Directions — Please print, exactly, only the lines in the entries below from the line that has "Easter fabric with" through the line that has "Hiker overlooking a dramatic mountain valley". Pictures don't go in.

Exercise materials —

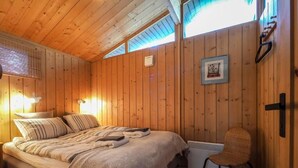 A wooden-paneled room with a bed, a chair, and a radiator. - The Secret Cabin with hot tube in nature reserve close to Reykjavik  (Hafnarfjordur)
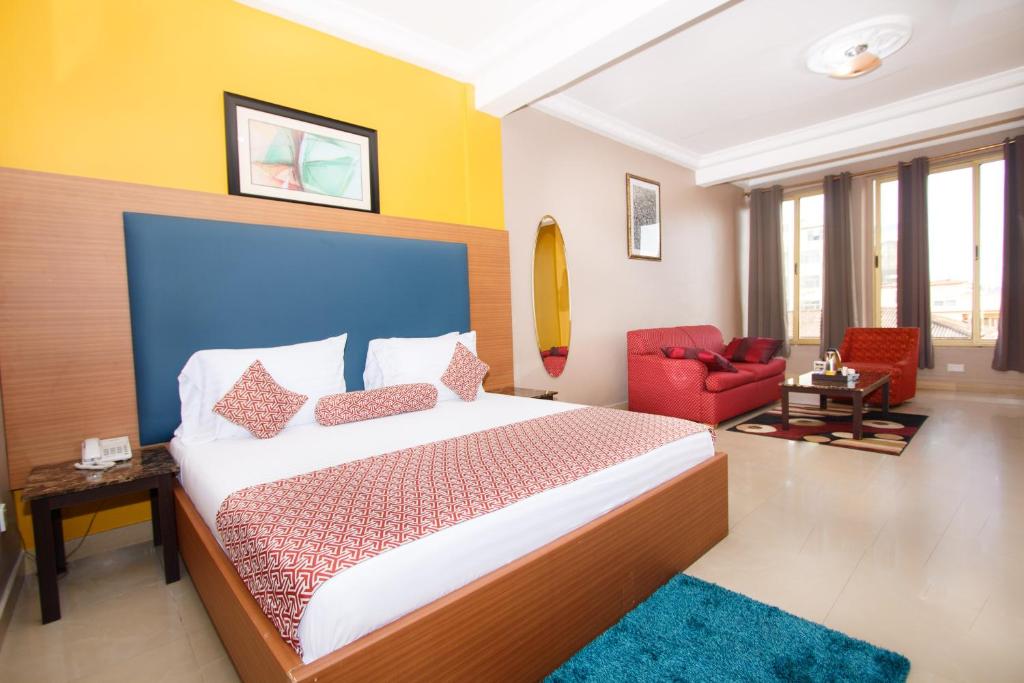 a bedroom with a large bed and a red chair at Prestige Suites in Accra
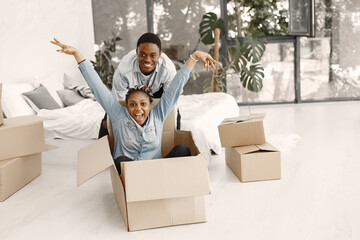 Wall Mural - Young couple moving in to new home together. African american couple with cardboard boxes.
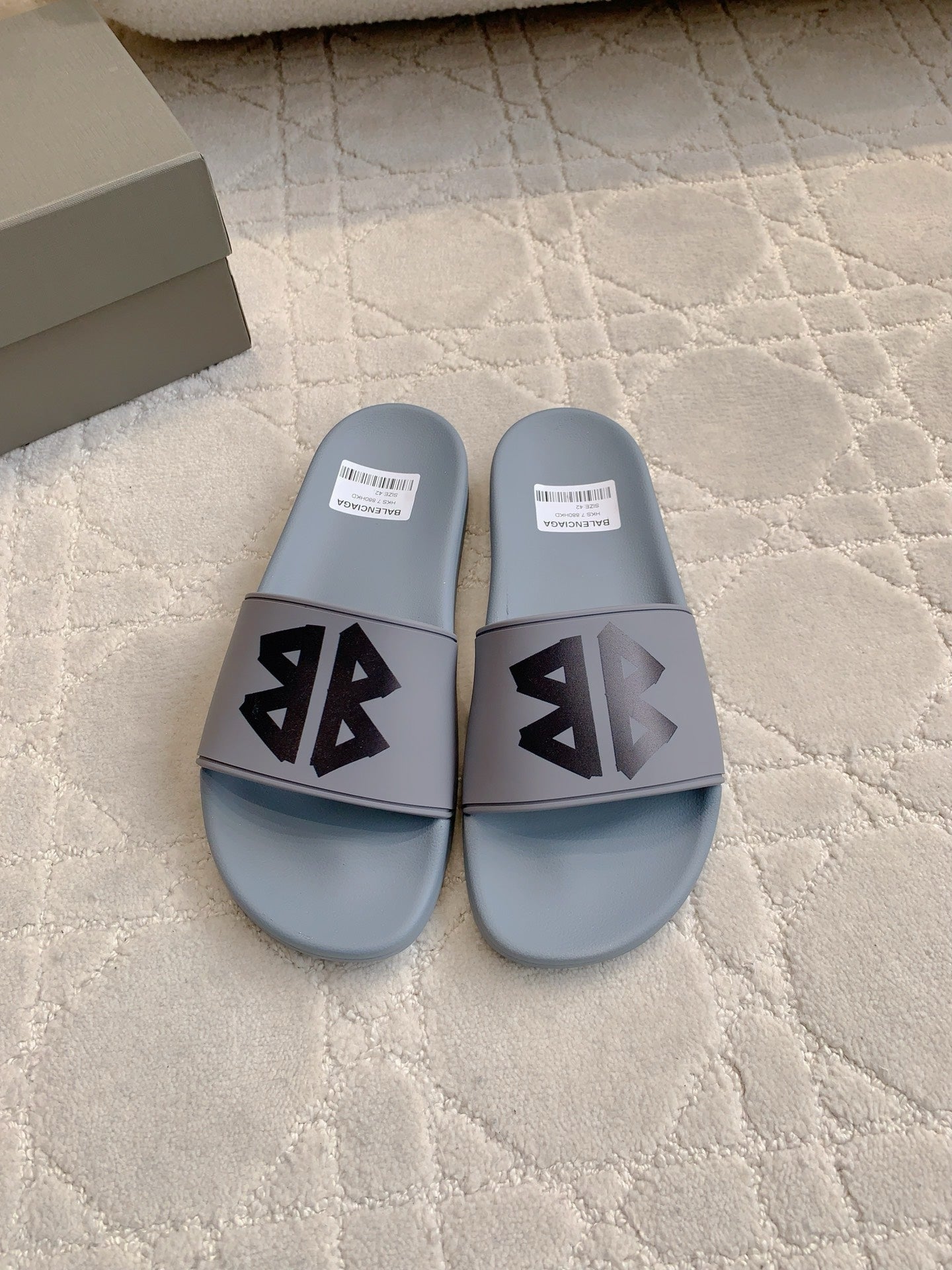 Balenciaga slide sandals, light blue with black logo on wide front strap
* * *
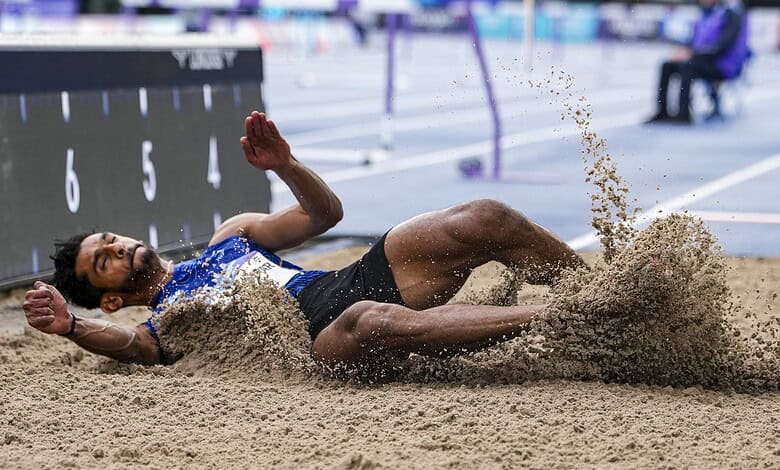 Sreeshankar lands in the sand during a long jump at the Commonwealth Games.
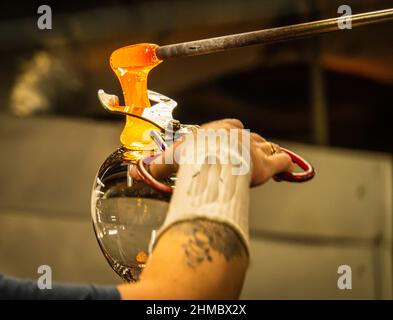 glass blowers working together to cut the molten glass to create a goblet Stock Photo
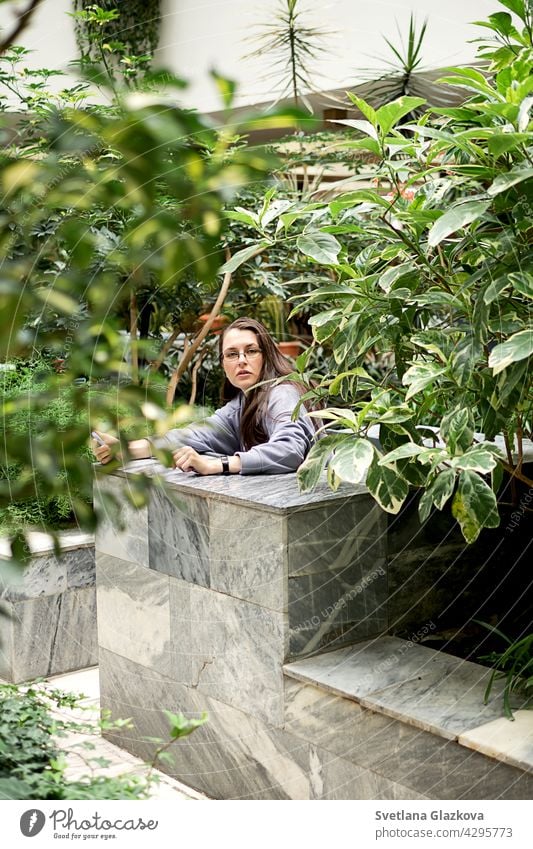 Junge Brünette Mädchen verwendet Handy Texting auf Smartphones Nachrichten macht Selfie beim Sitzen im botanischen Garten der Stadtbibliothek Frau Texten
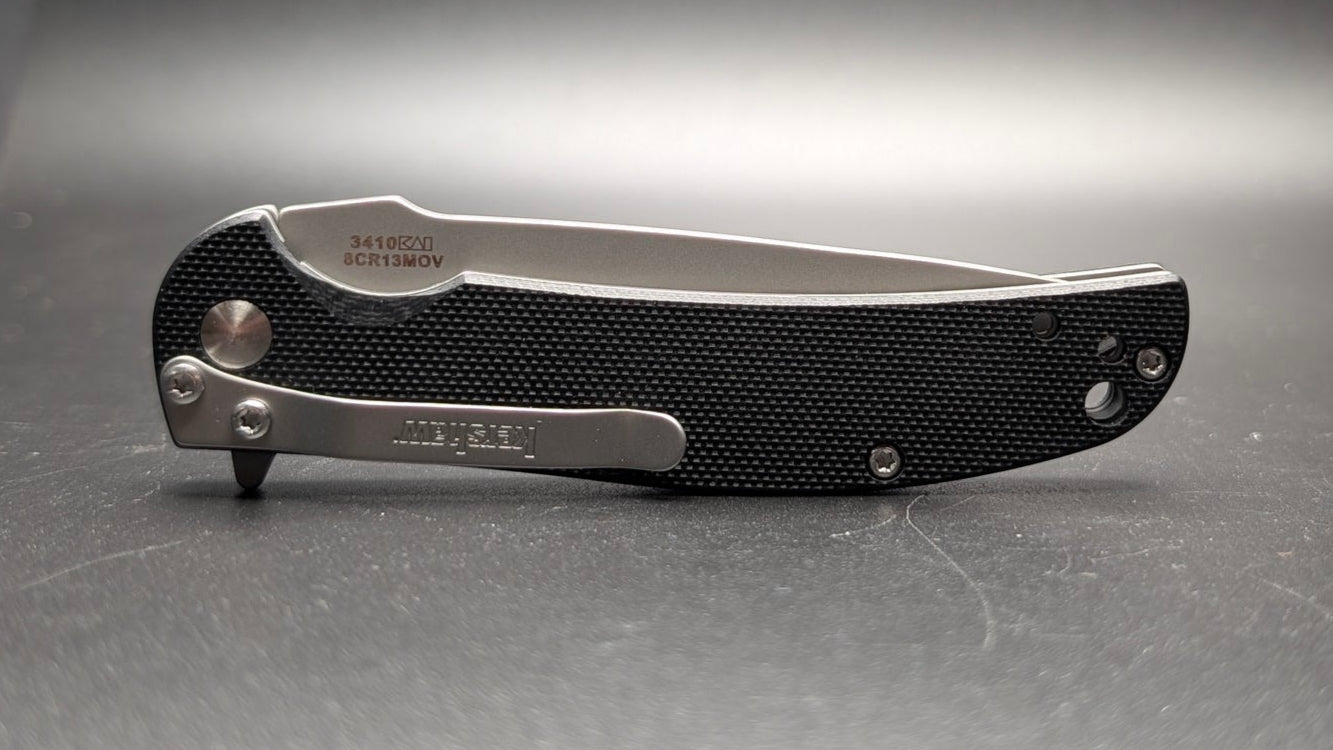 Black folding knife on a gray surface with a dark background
==
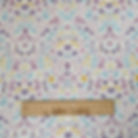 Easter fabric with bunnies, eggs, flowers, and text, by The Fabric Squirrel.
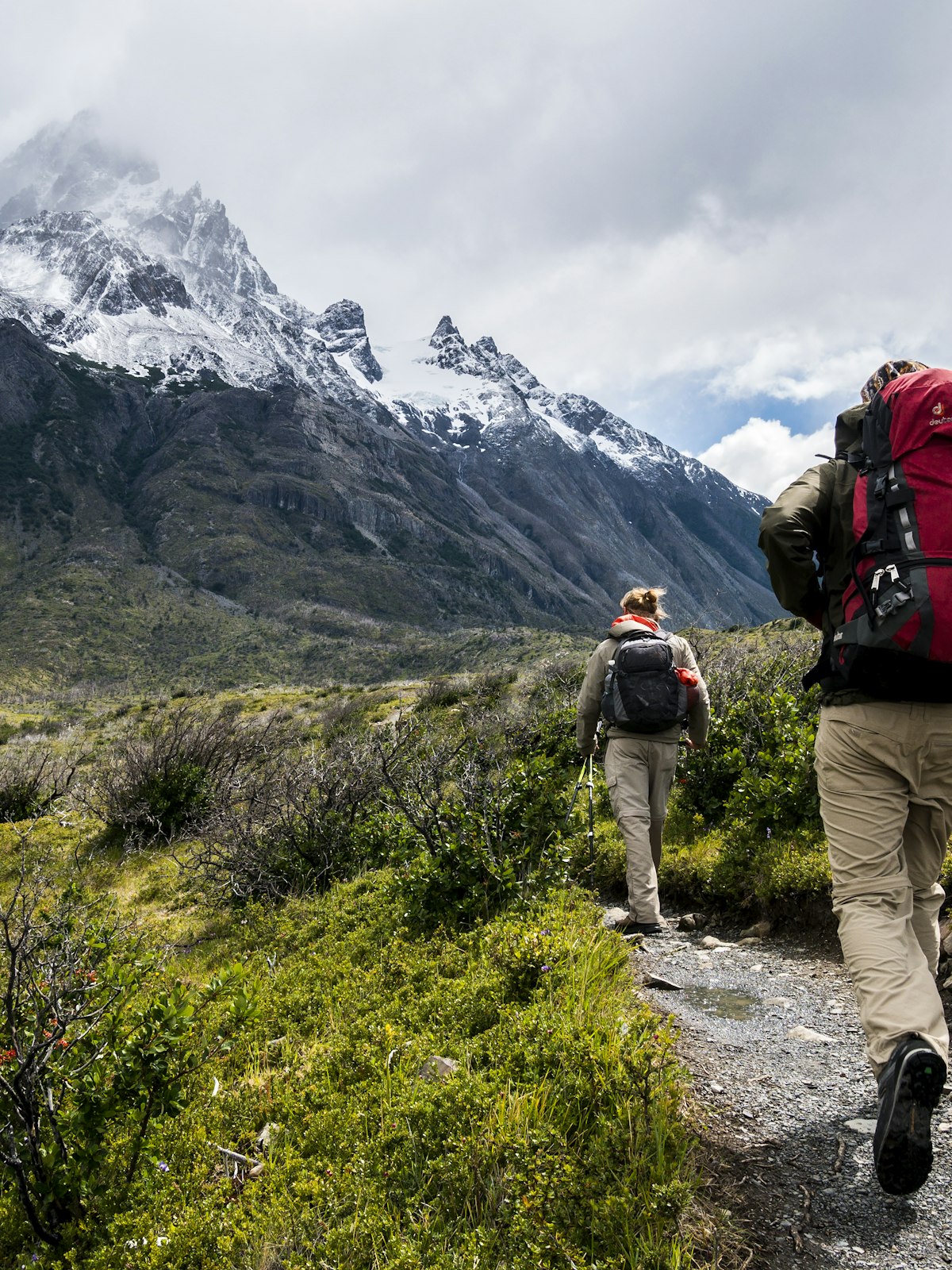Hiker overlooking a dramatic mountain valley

Answer box —
 Easter fabric with bunnies, eggs, flowers, and text, by The Fabric Squirrel.
Hiker overlooking a dramatic mountain valley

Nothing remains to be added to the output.